Liz: My body says it's time to do all of these things.
Rhea: I'm scared of regretting. Jumping on opportunities when they come in case they go away, even if they're not quite right.
Liz: We're out of time. We could die tomorrow.
Rhea: Exactly. And then the biggest one in my opinion, the biggest, biggest one is our relationship to the future, which in my belief is where all our fears stem from. It's why the ego is there. It's why we get anxiety. We're not scared of something happening in the moment because then it'd be happening. We're scared of something happening in the future, whether it's the next minute, the next month, the next year. All the different ways in which time really kept us trapped.
Liz: Yes, or how we allowed time to keep us trapped, because time itself, and I think we said this in Clock of the Heart, time is actually an altruistic energy. It's here to serve us, and yet we did the opposite and we had to serve time. Being human was our way of serving time. It was our prison sentence and that's how we treated it. We were enslaved to time and the 24-hour clock. And as we saw in 2020 and lockdown, all the days started to mesh together. Hours, it didn't matter. You wake up and it was like one moment, 10:00 AM and suddenly it's 10:00 PM, and you have no idea what you did in those 12 hours. It almost didn't matter.
Rhea: And you know, you couldn't worry about time running out because you were stuck at home.
Liz: Exactly. You had more of it. Yeah. Plenty of it.
Rhea: Yeah. And even on the emotional level, it was just really interesting time for me, like for many of us collapsed quite a lot.
Liz: The reason why we really need to talk about it today is because we're all, as you said, you're still processing a bit that experience of time, and 2021 is very much, we are going to be I think we're still also going to be dealing with that a little bit, and 2021 might also feel like a bit of a reverse.
Rhea: Interesting. Go on.
Liz: And not in the way where we've really gone backward, but it might feel a little bit backward a bit like what you were talking about that happened to you over the summer in 2020, which was why was I somehow reliving this old life of mine, even though that hadn't been my reality for quite some time and yet I'm there.
Rhea: But we're different, so how can things be normal?
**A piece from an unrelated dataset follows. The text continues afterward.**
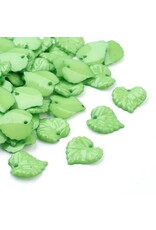 Leaf Acrylic Opaque  Green 16mm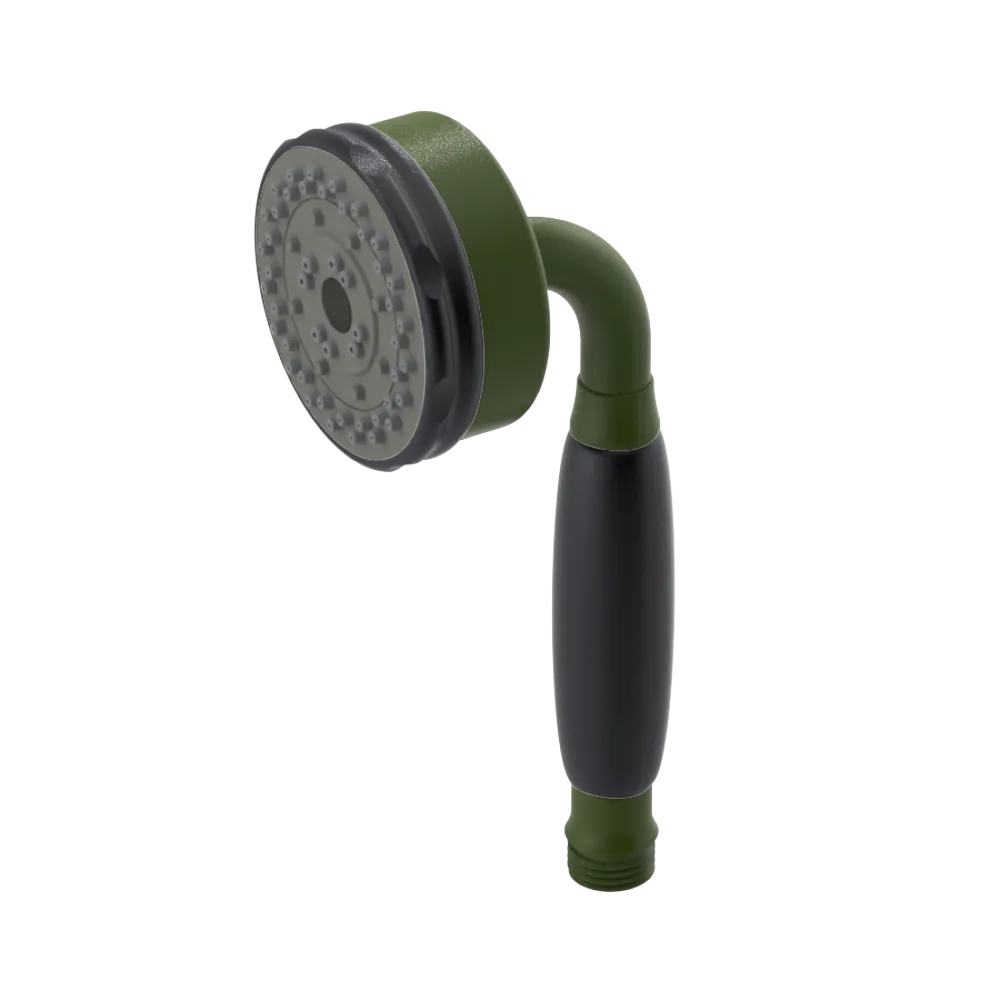 Rubinet 3 Function Hand Held Shower Only Green Envy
Liz: Exactly, and that's the point. That no matter what you think or how familiar things are, they are literally not the same and they therefore cannot be experienced the same, even if on the surface, the appearance is 100% the same. And so, the more tuned in you are to yourself, as in the more you are aware of yourself like you were, like this isn't right, or somehow this is not okay, it helps you maintain that perspective.
Rhea: Okay.
Liz: Okay. And that's important to have. And I think that's why the previous episode was called “Treading Water” because that's what we're going to be doing a lot in early 2021 is just sort of keeping our heads above water just as we allow everyone, every single person, the individual level of shifting perspective on their own. Those of us who had already begun that process just need to keep maintaining that. The way we were living in 3D time was never integrated because it ruled. It felt like it controlled us. And as we learn to partner with time and see it for what it is, which requires a strong relationship within ourselves first before we can partner with time, then it ceases to hold and have the same energy with us.
Rhea: Okay. So let me ask just a simple, I guess question, but it's obviously not. When you say when we see time for what it is, what do you mean?
Liz: As I said earlier, it's that altruistic energy that we talked about in that episode, “Clock of the Heart”. The thing that brings you from one moment to the next and those moments of joy, which is what they ultimately are, especially the moment you know the more tuned in we are. What we'll see is, for those of us who did not adjust our relationship to time - and it's okay. It doesn't quite matter if you still have a day job and you still have to wake up by a certain time because you have to be logged in by a certain hour, et cetera. That's fine. We're not all meant to be ...
Rhea: A timeless nomad.
Liz: No, it's effectively that we're still, as long as we're still able to be in our own rhythm with that so that we don't carry fear around time. I'm late. But if you are somebody who could use a little bit of structure, that's okay. As long as you can still be in flow and you can do that with time and still sort of have a clock.
Rhea: I'm a bit of a timeless nomad in many ways, because I work for myself, I set my own timings, but there are certain things I do on certain days of the week and at certain times, because I like a bit of structure within my flowing. And if something were to knock it out, fine, I'll deal with it. But I prioritize it because I know it keeps me grounded.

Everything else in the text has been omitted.